Data for this task
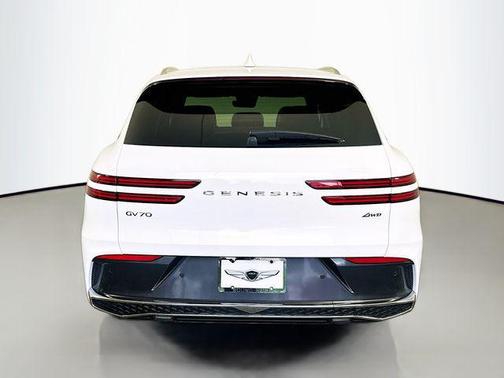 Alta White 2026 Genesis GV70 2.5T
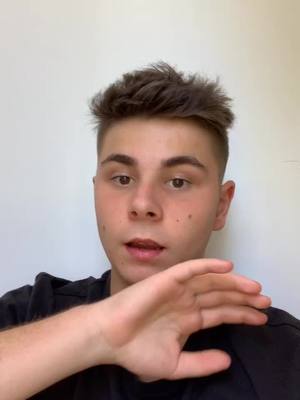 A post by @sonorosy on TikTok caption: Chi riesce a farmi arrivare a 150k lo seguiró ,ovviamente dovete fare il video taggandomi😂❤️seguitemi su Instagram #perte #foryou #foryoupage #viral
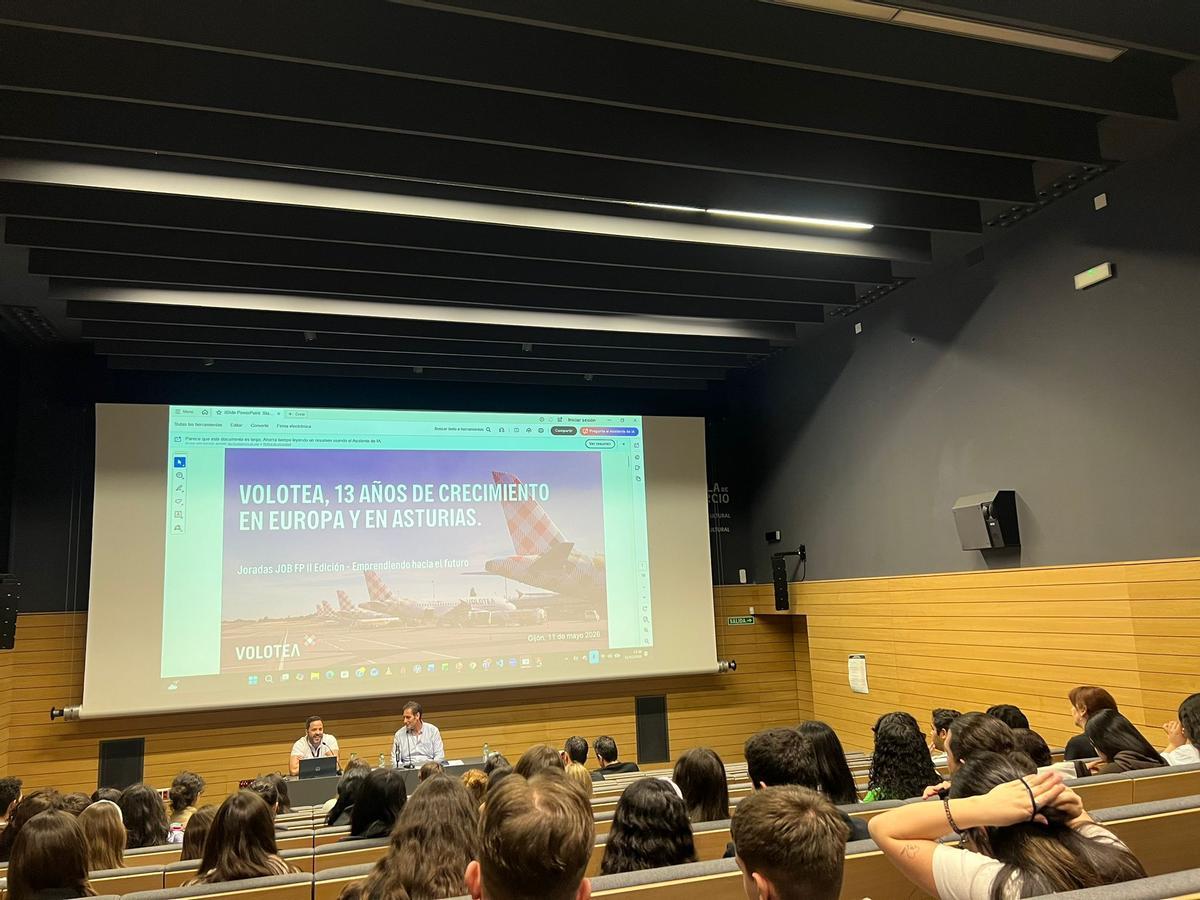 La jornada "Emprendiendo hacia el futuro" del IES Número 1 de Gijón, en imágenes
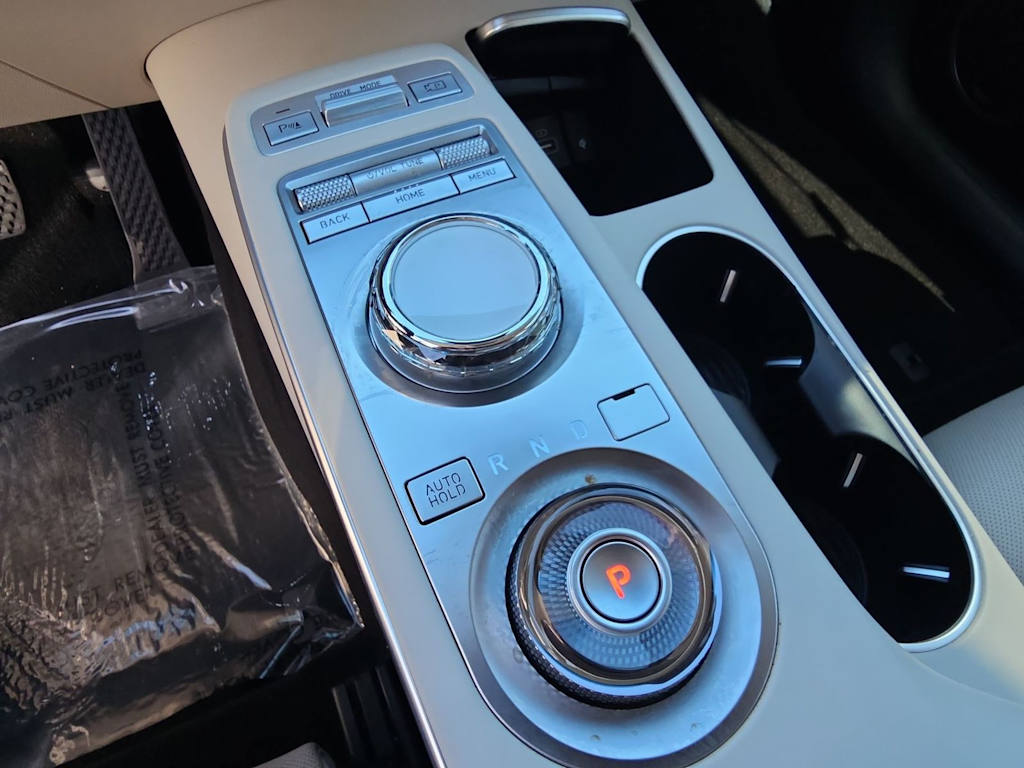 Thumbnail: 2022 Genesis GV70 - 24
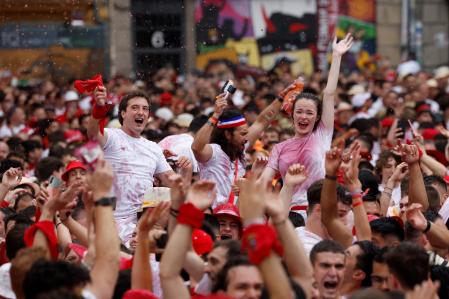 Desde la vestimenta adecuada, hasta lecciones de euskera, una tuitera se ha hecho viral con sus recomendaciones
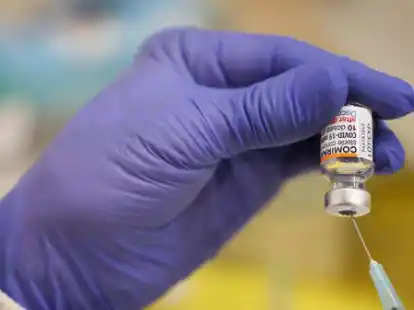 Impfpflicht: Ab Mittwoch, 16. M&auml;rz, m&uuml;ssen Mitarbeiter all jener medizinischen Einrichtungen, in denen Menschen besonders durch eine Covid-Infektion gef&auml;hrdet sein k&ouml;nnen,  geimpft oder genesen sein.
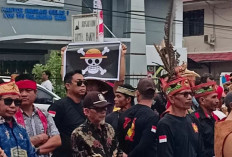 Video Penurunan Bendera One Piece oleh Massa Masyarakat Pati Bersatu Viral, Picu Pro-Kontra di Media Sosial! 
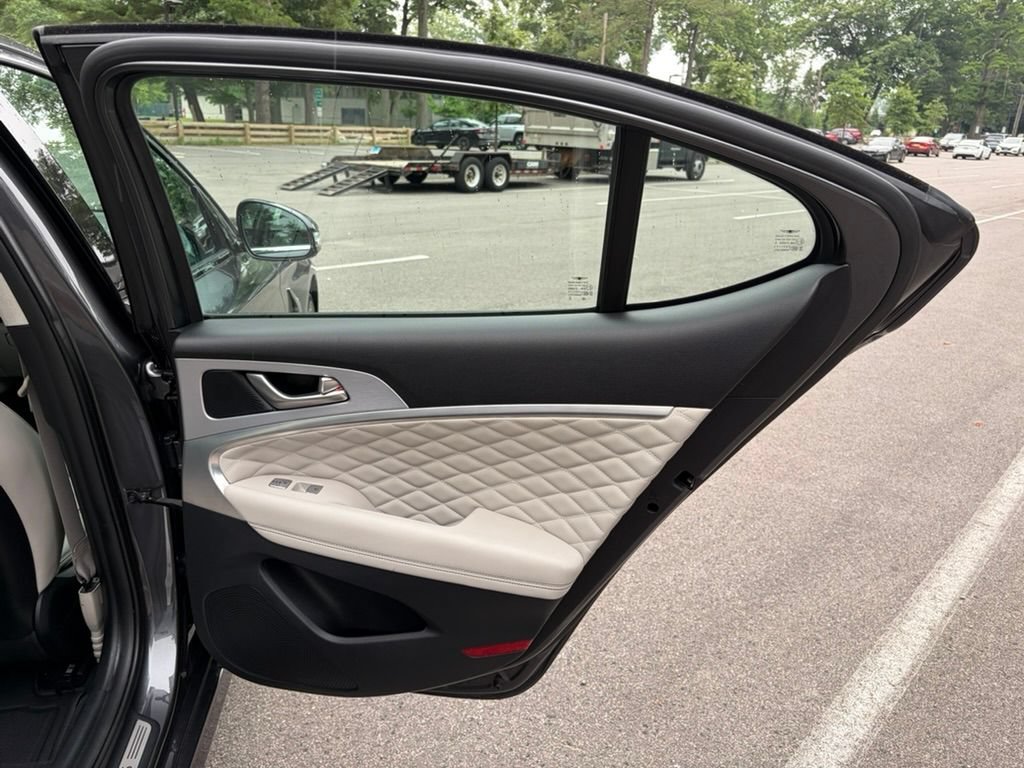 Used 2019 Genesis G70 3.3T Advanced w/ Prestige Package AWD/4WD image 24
==
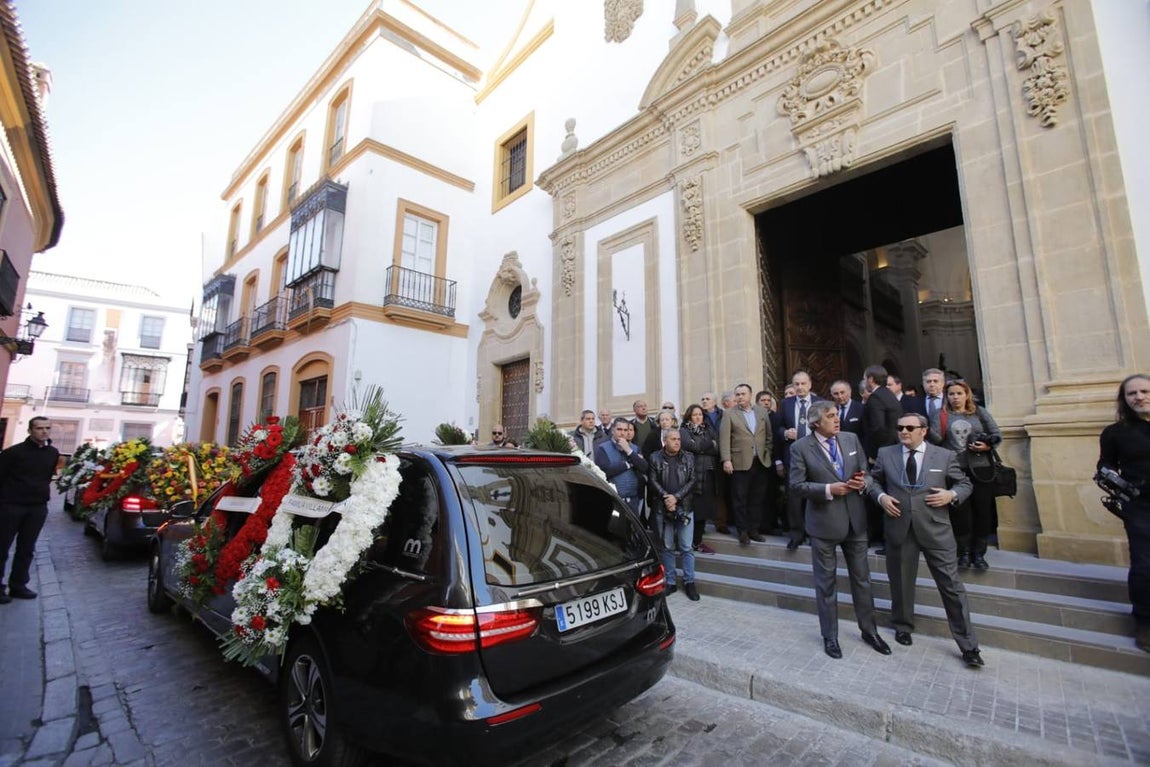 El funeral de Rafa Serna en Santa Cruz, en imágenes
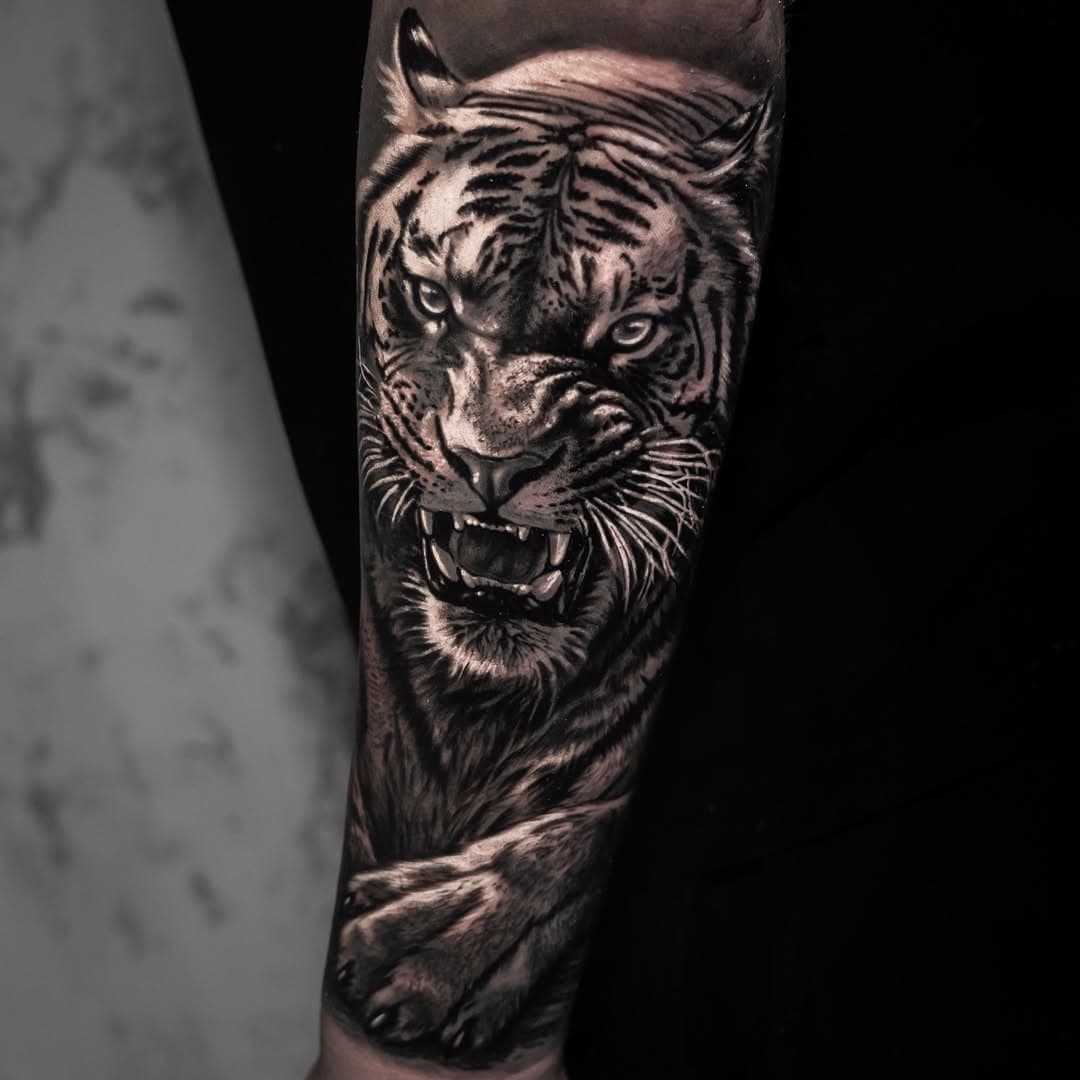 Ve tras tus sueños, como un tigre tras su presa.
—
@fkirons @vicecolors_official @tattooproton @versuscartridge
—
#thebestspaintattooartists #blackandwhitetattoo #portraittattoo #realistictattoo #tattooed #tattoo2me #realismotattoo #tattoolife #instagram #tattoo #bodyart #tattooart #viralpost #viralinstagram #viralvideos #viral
...
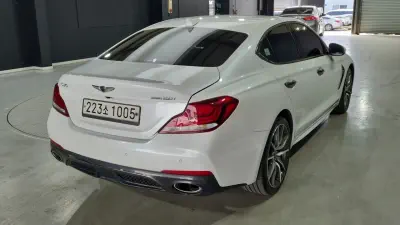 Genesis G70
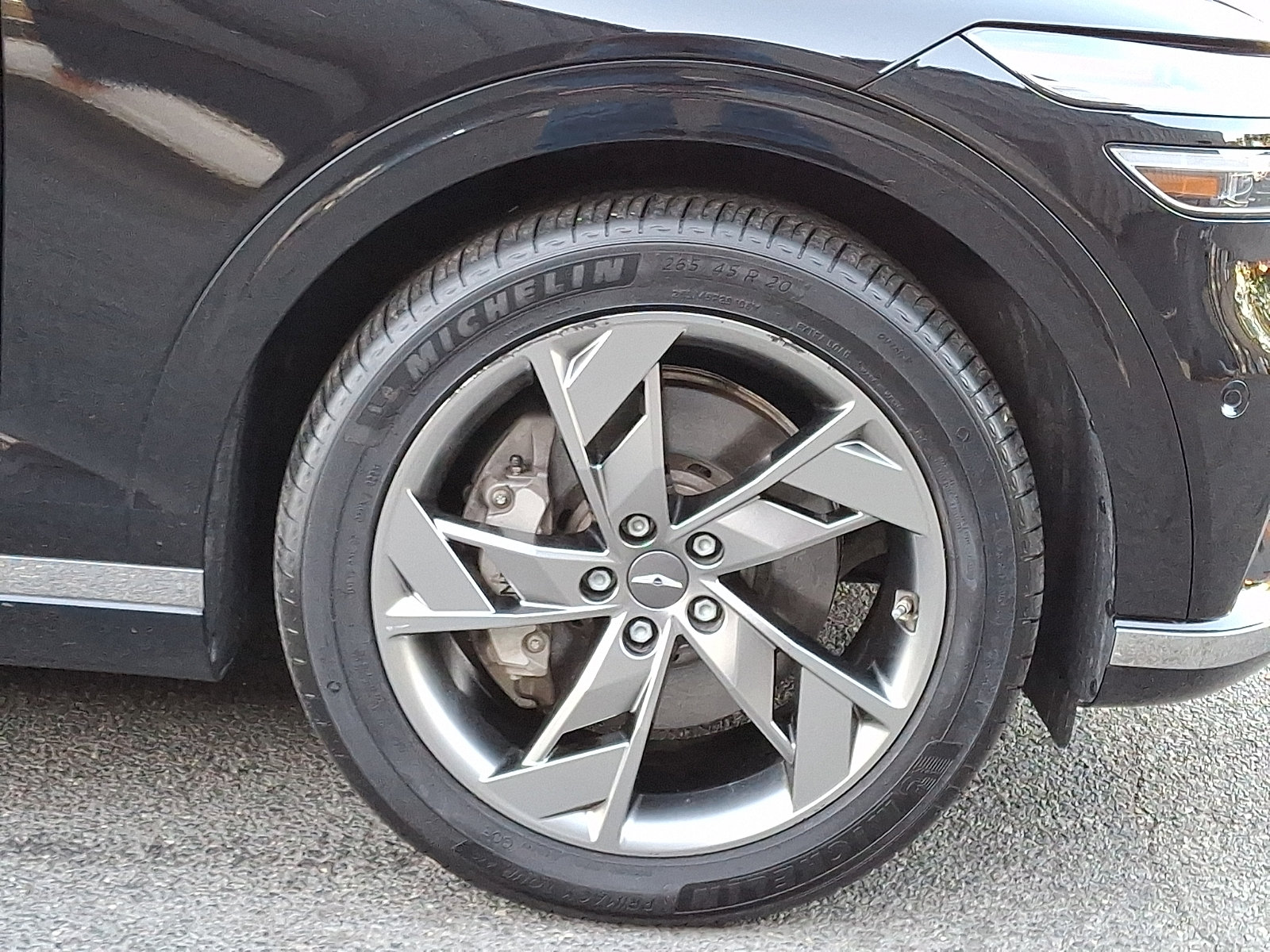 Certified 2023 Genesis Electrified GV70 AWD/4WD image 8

Your assignment
Begin at the line in the entries above that has "El funeral de", stop after the line that has "#thebestspaintattooartists #blackandwhitetattoo #portraittattoo", and output exactly those lines without pictures.

Response to this exercise
 El funeral de Rafa Serna en Santa Cruz, en imágenes
 Ve tras tus sueños, como un tigre tras su presa.
—
@fkirons @vicecolors_official @tattooproton @versuscartridge
—
#thebestspaintattooartists #blackandwhitetattoo #portraittattoo #realistictattoo #tattooed #tattoo2me #realismotattoo #tattoolife #instagram #tattoo #bodyart #tattooart #viralpost #viralinstagram #viralvideos #viral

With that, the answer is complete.